Try it
Entries below include pictures. Output exactly the lines from the one with "Адаптер DIGITUS DVI-D" down to the one with "Kim Jaynes, Teacher", both ends included, and leave the pictures out.

Start of Data to examine

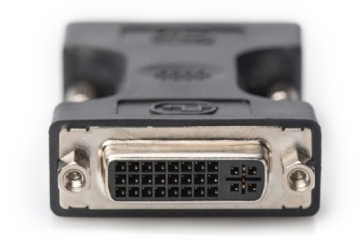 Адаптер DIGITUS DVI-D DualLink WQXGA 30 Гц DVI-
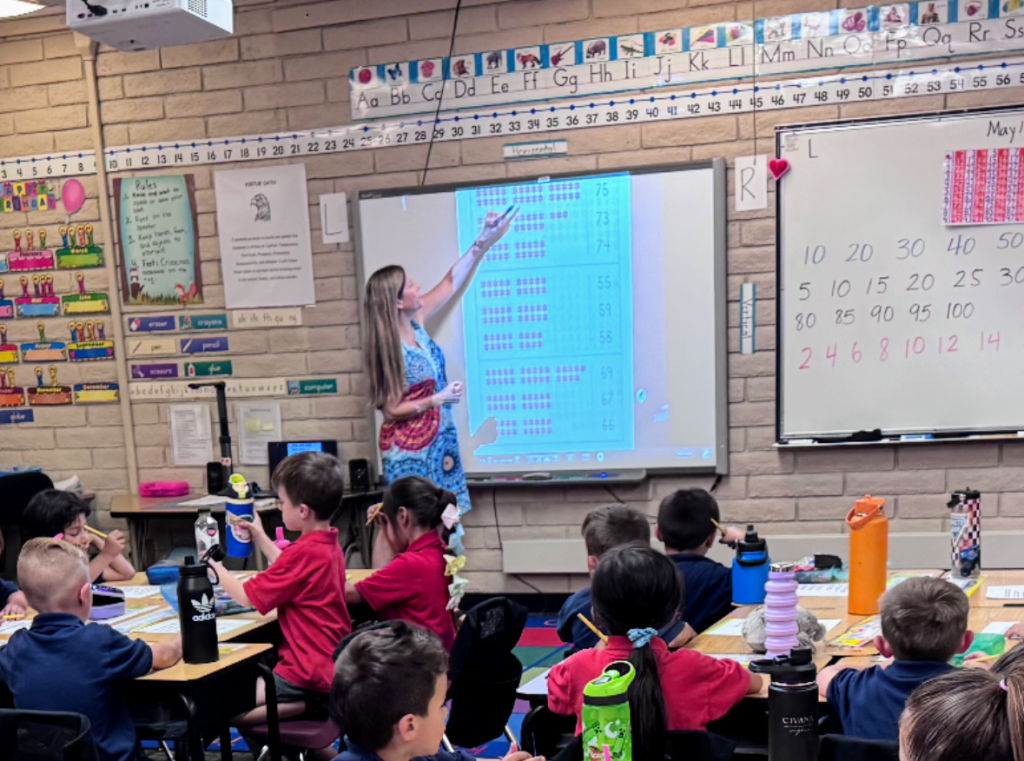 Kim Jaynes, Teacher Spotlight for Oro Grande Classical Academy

End of Data to examine
Start of Data to examine

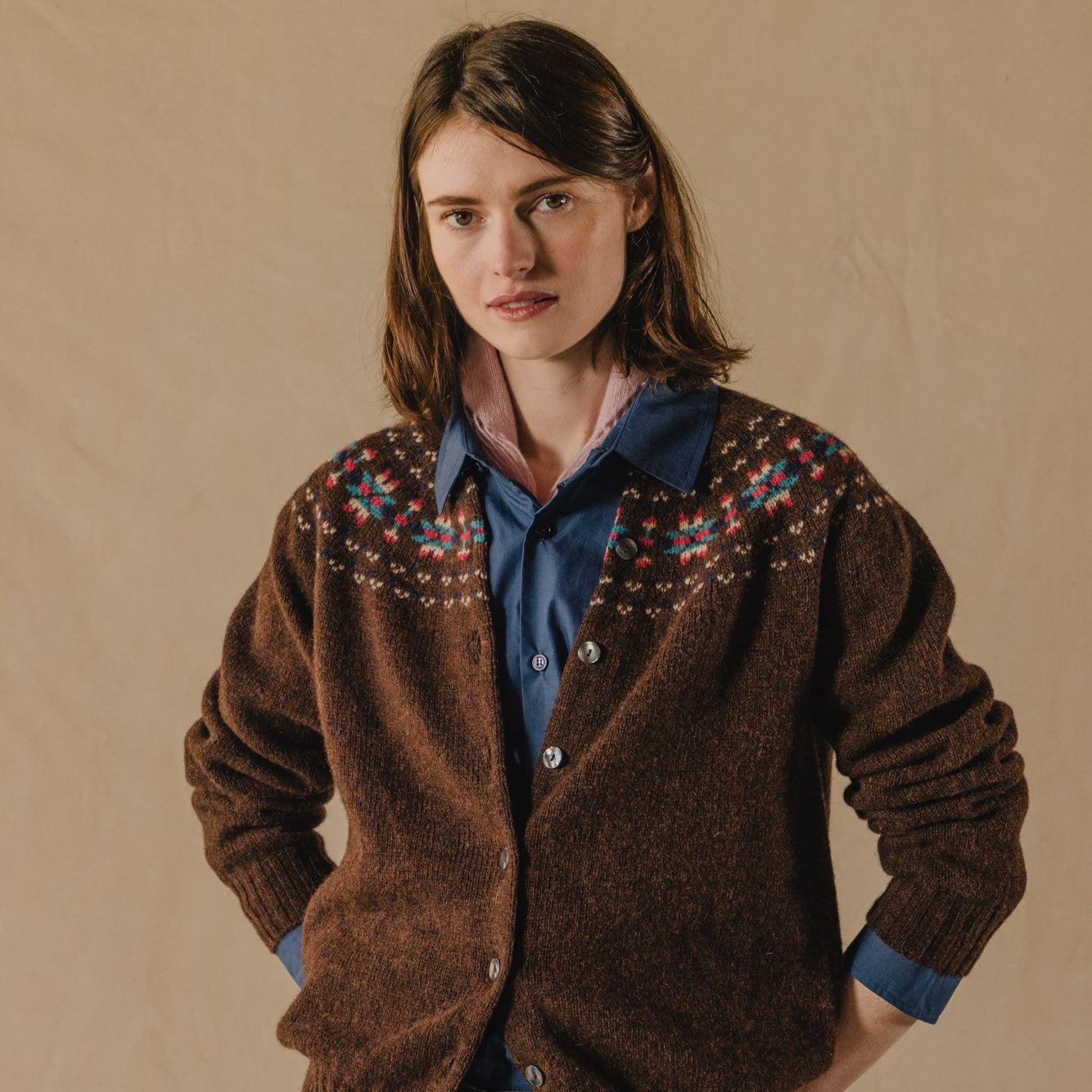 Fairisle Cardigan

End of Data to examine

Output
 Адаптер DIGITUS DVI-D DualLink WQXGA 30 Гц DVI-
 Kim Jaynes, Teacher Spotlight for Oro Grande Classical Academy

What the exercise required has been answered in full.